--- Work to complete ---
None of the pictures should be copied, though every line of the listing must be printed exactly.

● ● ●

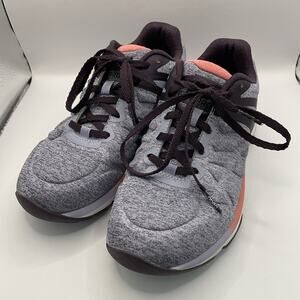 Abeo Tricore Aerosystem Women's Dorian Purple Aero 2.0 Tri-core Sneakers‎ 6.5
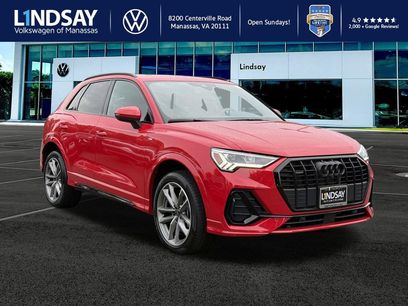 Used 2022 Audi Q3 2.0T Premium Plus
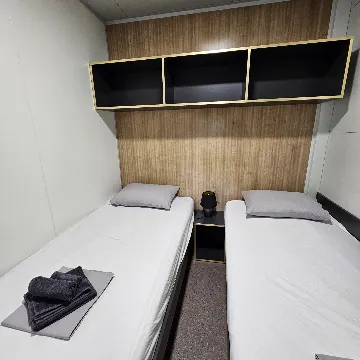 Mobile Home in Pakostane for 4 Guests (Up to 5)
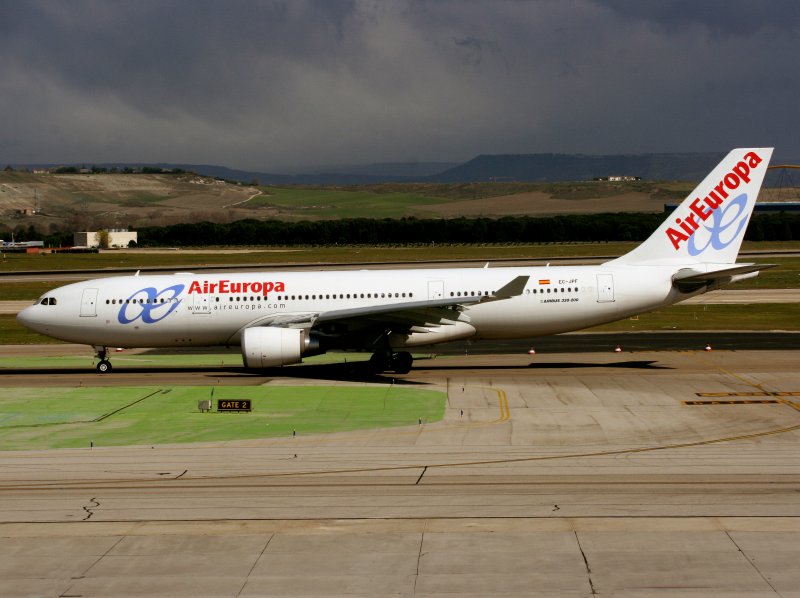 A330-200 EC-JPF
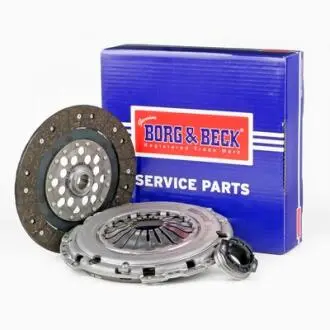 HK2705 Комплект зчеплення BORG&BECK підбір по vin на Brocar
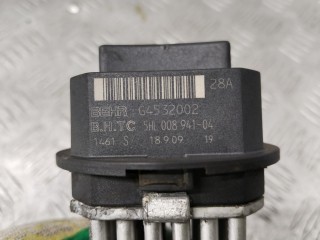 Сопротивление печки, Citroen C5 2007-2017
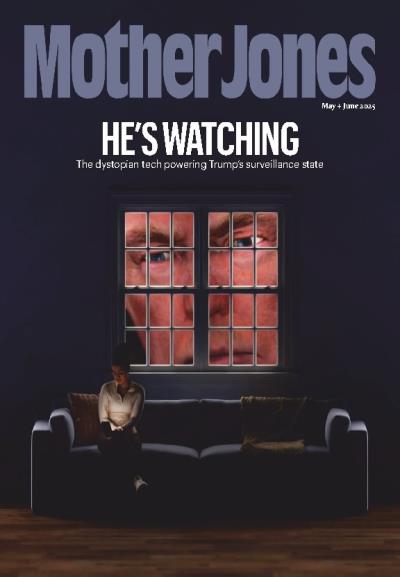 Subscribe to Mother Jones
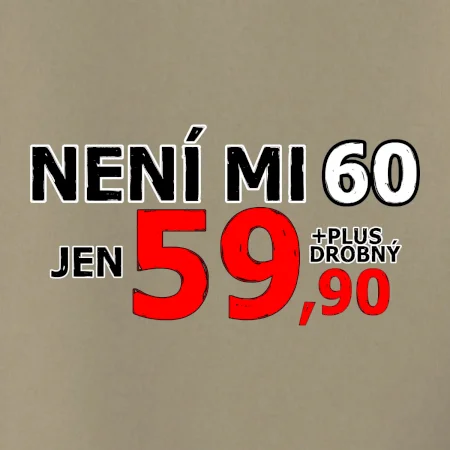 Není mi 60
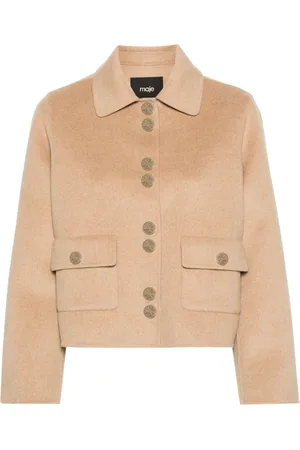 Maje Double-sided jacket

● ● ●

--- Written response ---
 Abeo Tricore Aerosystem Women's Dorian Purple Aero 2.0 Tri-core Sneakers‎ 6.5
 Used 2022 Audi Q3 2.0T Premium Plus
 Mobile Home in Pakostane for 4 Guests (Up to 5)
 A330-200 EC-JPF
 HK2705 Комплект зчеплення BORG&BECK підбір по vin на Brocar
 Сопротивление печки, Citroen C5 2007-2017
 Subscribe to Mother Jones
 Není mi 60
 Maje Double-sided jacket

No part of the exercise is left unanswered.